* **PROBLEM TO SOLVE**
In this exercise, the entries below include pictures. Repeat exactly the lines from the line with "Shiba University Coffee" to the line with "Barra corrediza para", including both, but without the pictures.

* **RECORDS FOR THE EXERCISE**

══════

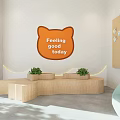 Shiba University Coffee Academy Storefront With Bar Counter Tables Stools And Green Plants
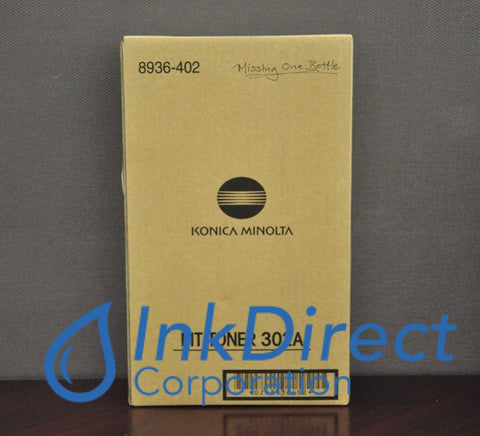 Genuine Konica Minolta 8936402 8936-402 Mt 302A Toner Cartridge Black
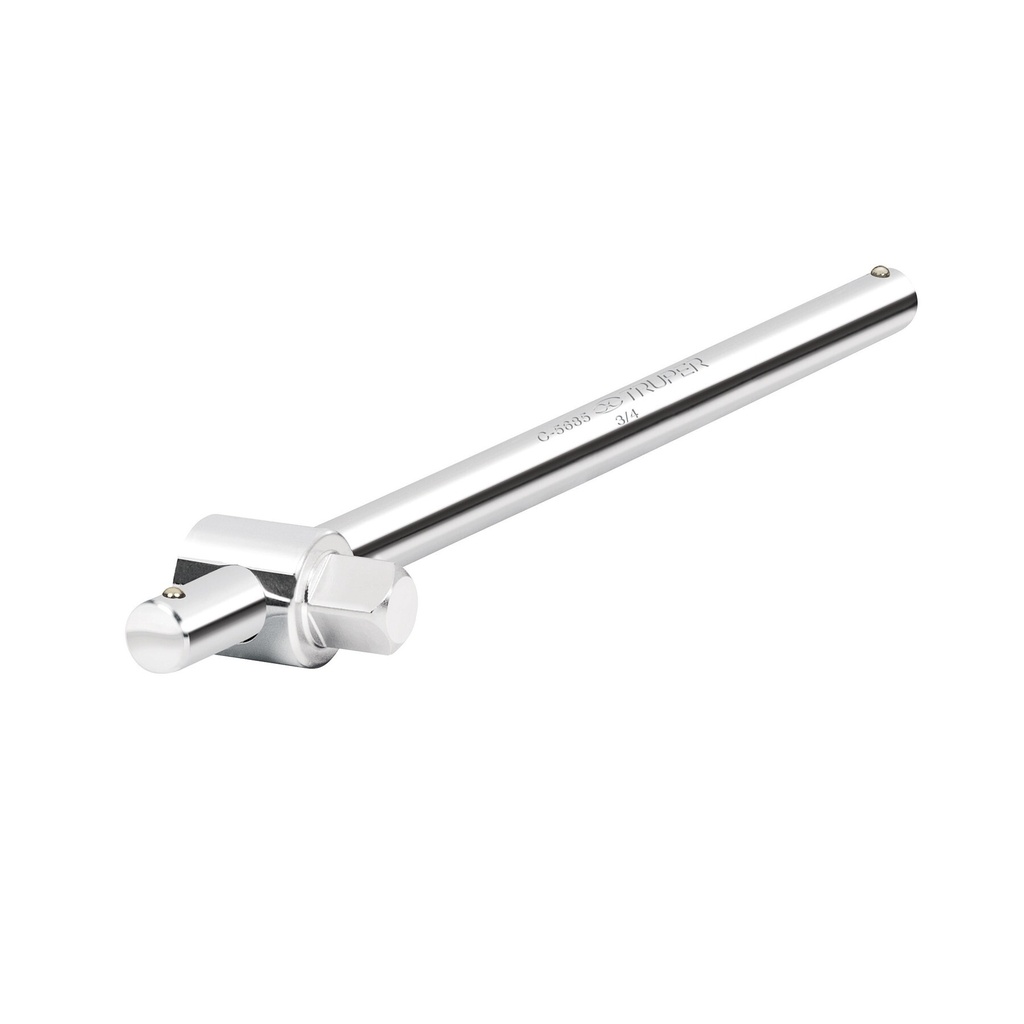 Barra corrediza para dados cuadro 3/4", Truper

══════

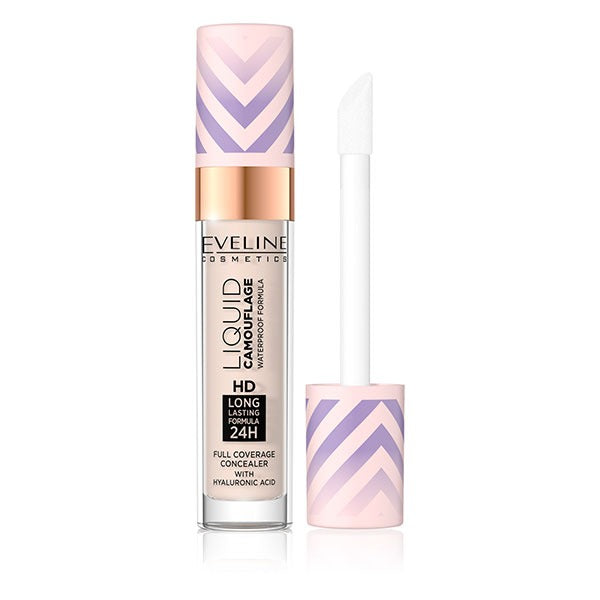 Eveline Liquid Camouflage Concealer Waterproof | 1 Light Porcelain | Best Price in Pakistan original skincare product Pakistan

══════

* **WRITTEN SOLUTION**
 Shiba University Coffee Academy Storefront With Bar Counter Tables Stools And Green Plants
 Genuine Konica Minolta 8936402 8936-402 Mt 302A Toner Cartridge Black
 Barra corrediza para dados cuadro 3/4", Truper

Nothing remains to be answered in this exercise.